[Captioned web images]
----------

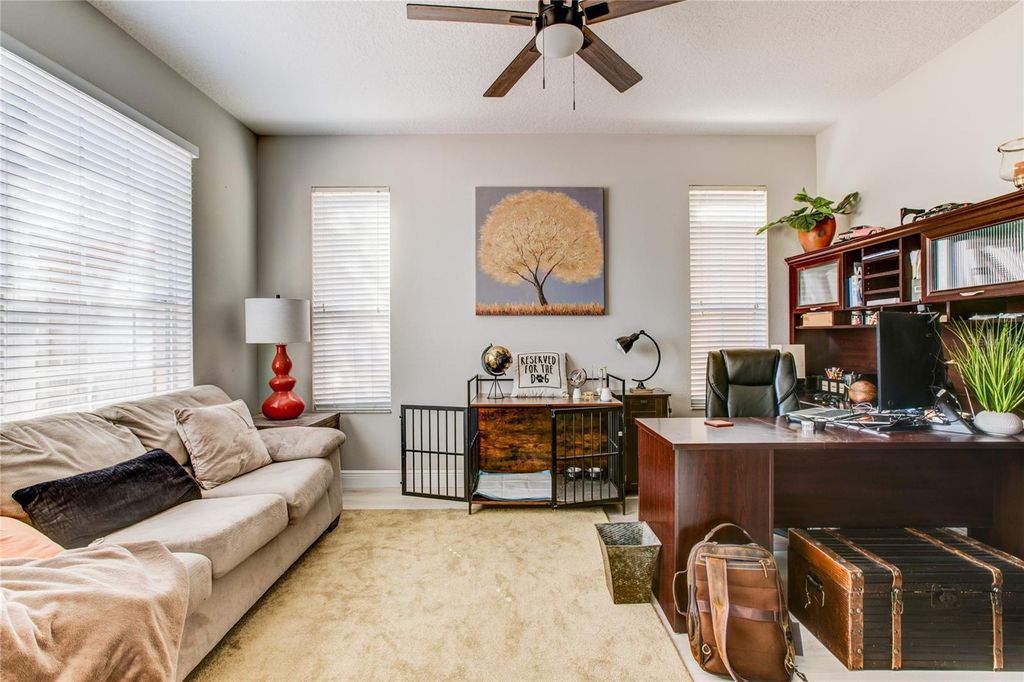 Image 16 of property listing at 1551 AMARYLLIS CIRCLE, Orlando, FL 32825
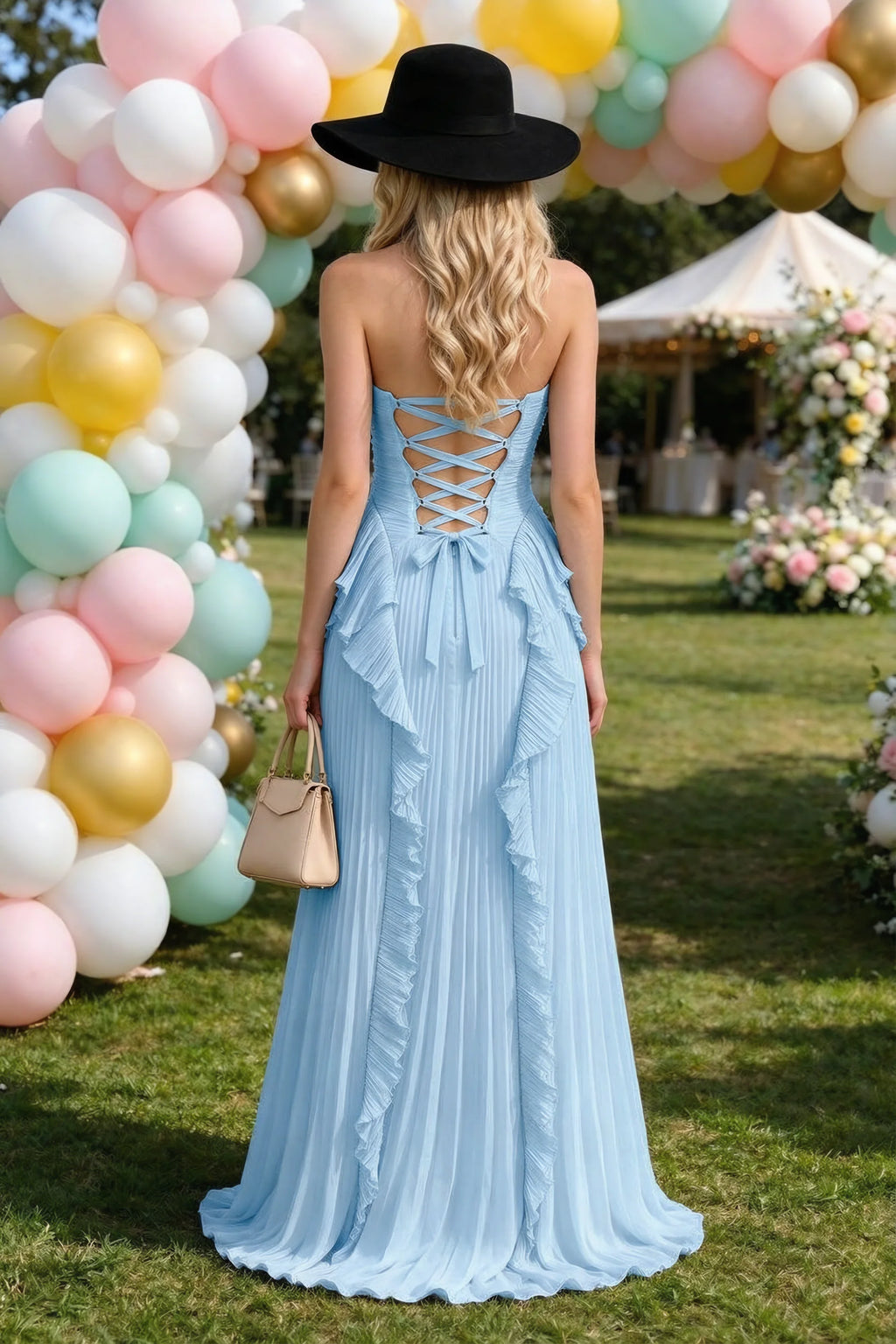 Vestido largo Celeste Haze azul con volantes plisados, cuello halter y abertura alta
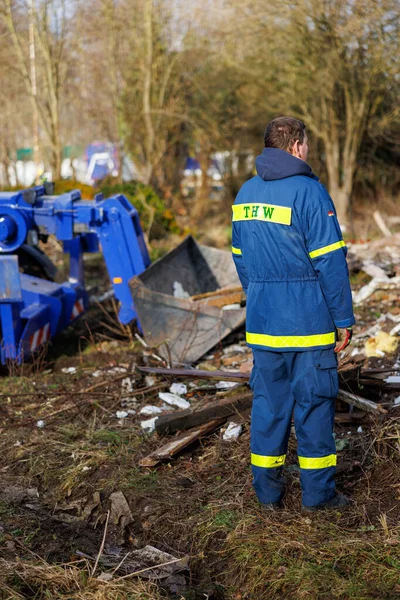 Members of the THW technical relief organization during an operation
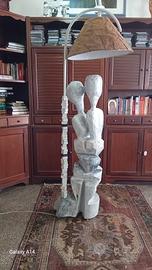 Lampada a stelo in legno e pietra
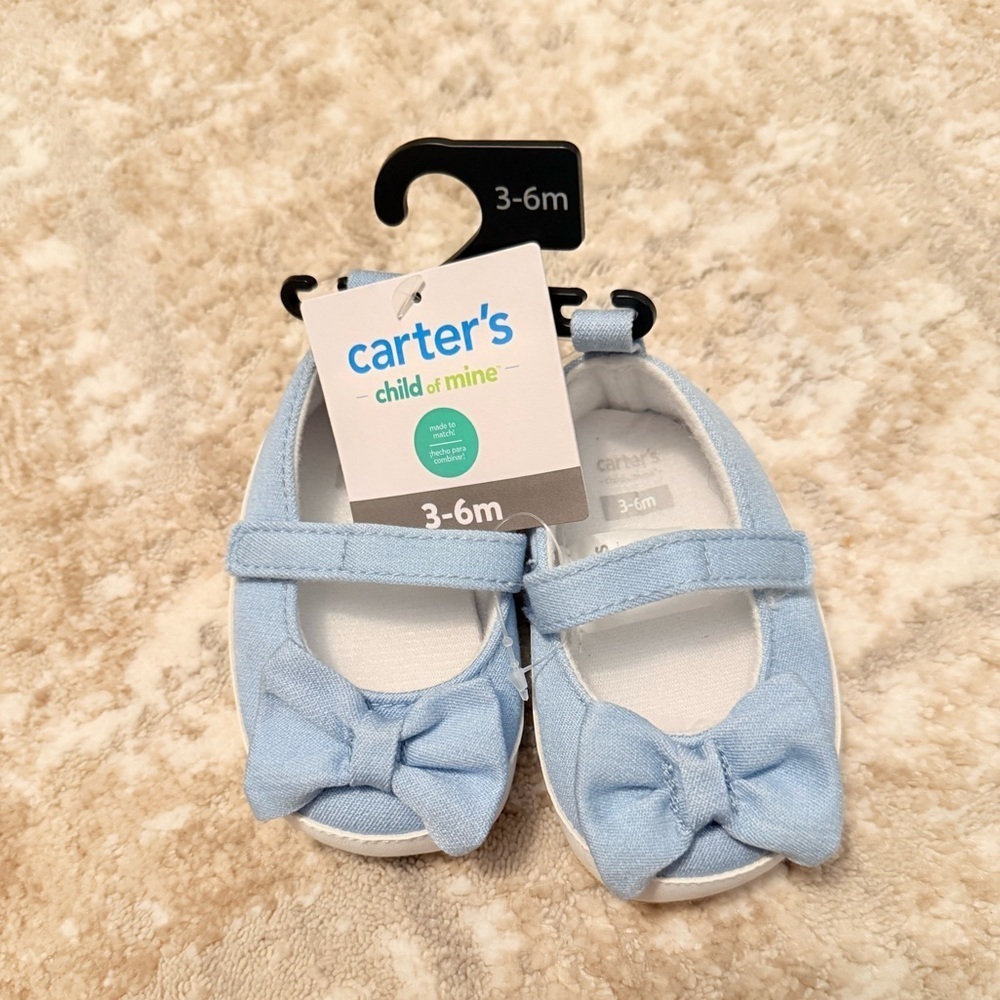 Carter's Light Blue Baby Walker Shoes with bows size 3/6M-NWT
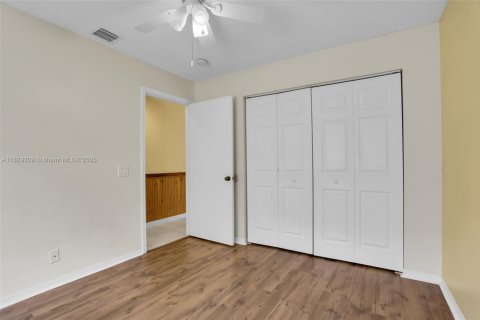Casa en venta en Weston, Florida, 3 dormitorios, 141.4 m2 № 1804349 - foto 25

----------

# EXERCISE BRIEF
Your task is to retype the lines running from the one that contains "Carter's Light Blue" through the end of the records, and nothing else. Pictures are not part of the copy.

# ANSWER TO THIS TASK
 Carter's Light Blue Baby Walker Shoes with bows size 3/6M-NWT
Casa en venta en Weston, Florida, 3 dormitorios, 141.4 m2 № 1804349 - foto 25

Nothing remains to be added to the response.